İmam Gazali, 1058'de İran'ın Horasan bölgesinde doğdu. Hüccetülislâm, Zeynüddin gibi lakaplarla anılır. Gazali'nin ailesi hakkındaki bilgiler son derece azdır. Sonrasında sufi kimliğiyle ün kazanacak Ahmed Gazali adından kendinden küçük bir erkek kardeşi ve birkaç da kız kardeşi vardır. Muhtemelen tasavvufa eğilimi bulunan babası Muhammed, oğlu Muhammed ve Ahmed'in iyi bir öğrenim görmelerini arzuluyordu.
Bir dostunun kendisinden naklen anlattığına göre Gazali, beş yıl süren öğreniminden sonra bir kafile içinde Tus'a dönerken soyguncular tarafından yolları kesilir ve her şeyleri alınır. Gazali eşkıyanın peşine düşer ve reislerinden hiç olmazsa ders notlarının geri verilmesini ister; Cürcan'a sırf o notlardaki bilgileri edinmek için gittiğini söyler. Eşkıya reisi, bilgileri hafızasına yerleştirmek yerine kağıtlarda bırakmasından dolayı onunla alay eder, notlarını da geri verir. Bu eleştiriyi Allah'ın bir ikazı sayan Gazali üç yıl içinde notlarının tamamını ezberler.
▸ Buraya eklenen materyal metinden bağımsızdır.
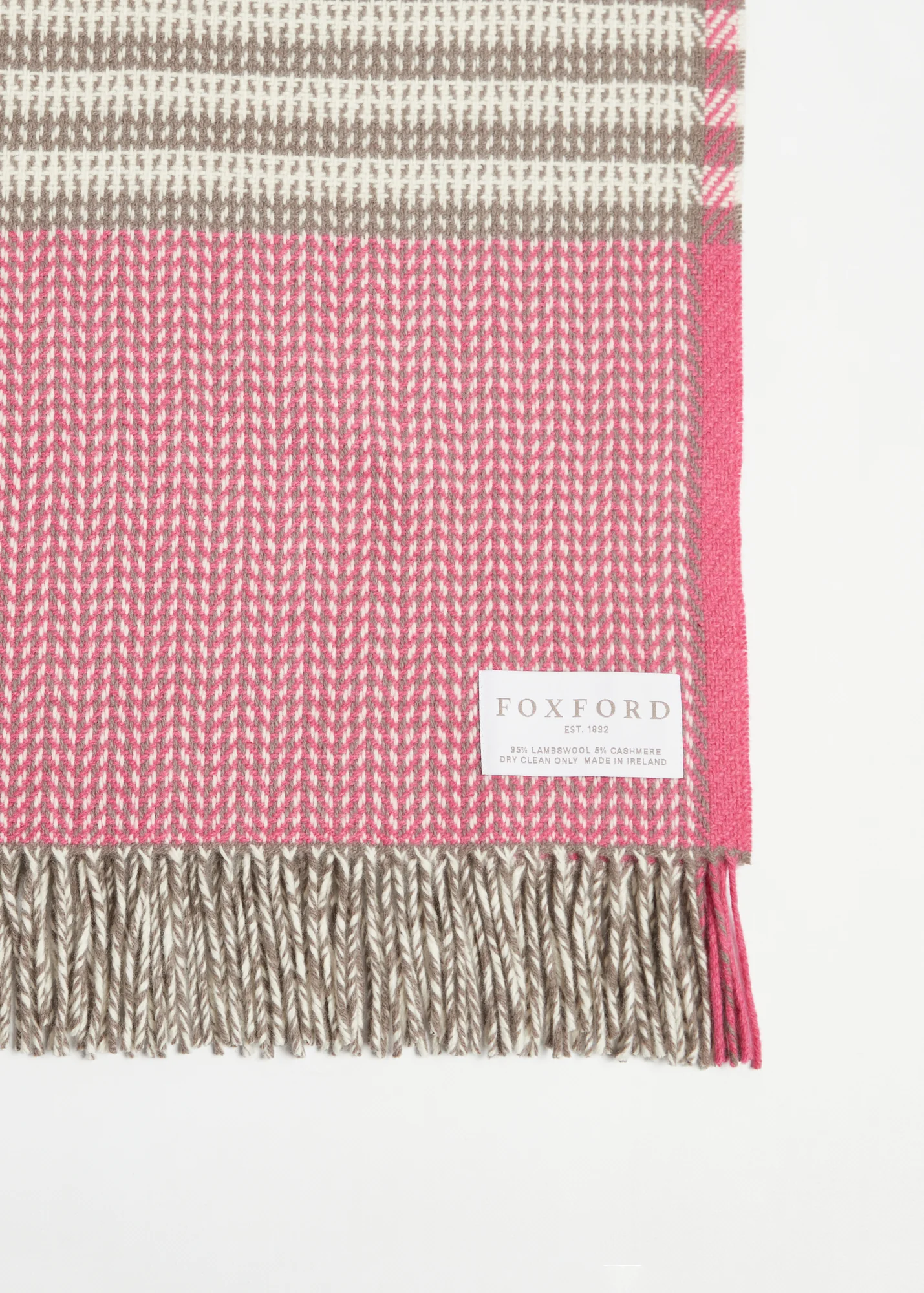 Foxford Ella Cashmere and Lambswool Throw - Image 3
Kaynaklarda, Gazali'nin olağanüstü bir zeka ve hafızaya sahip olduğu ittifakla belirtilir. On iki yıllık öğrenimi boyunca başta fıkıh olmak üzere hadis, akaid, gramer gibi geleneksel bilgi dallarında derinlemesine yetişmiştir. Ayrıca Gazali, Nizamülmülk'ün himayesinde seçkin alimlerle tanışarak onlardan istifade etmiştir. Nizamülmülk, ise Sünni yönetime karşı baş kaldıran ve İslam dünyası için büyük tehlike oluşturan batınî hareketini durdurmak için Gazali'yi önemli bir eleman olarak gördü. Nizamülmülk'ün himayesinde 6 yıl kalan Gazali bu süre içinde ününü de artırdı.
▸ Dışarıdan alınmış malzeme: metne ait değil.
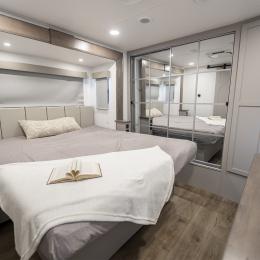 2026 Avenue 332RL Interior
Gazali'nin kelam, felsefe, Batınîlik ve tasavvuf hakkındaki çalışmalarının kendisini ulaştırdığı sonuç, onun zihin ve ruh dünyasında kelimenin tam anlamıyla bunalıma yol açtı. Bağdat Nizamiye Medresesi'nin 'şöhreti ve saygınlığı neredeyse uluların, emirlerin ve hilafet merkezinin ününü bile geride bırakan' bu büyük müderrisinin dışarıdan bakıldığında son derece başarılı ve mutlu görünen hayatı gerçekte gün geçtikçe için için büyüyen şüphelerle, fikri bunalımlarla altüst oluyordu.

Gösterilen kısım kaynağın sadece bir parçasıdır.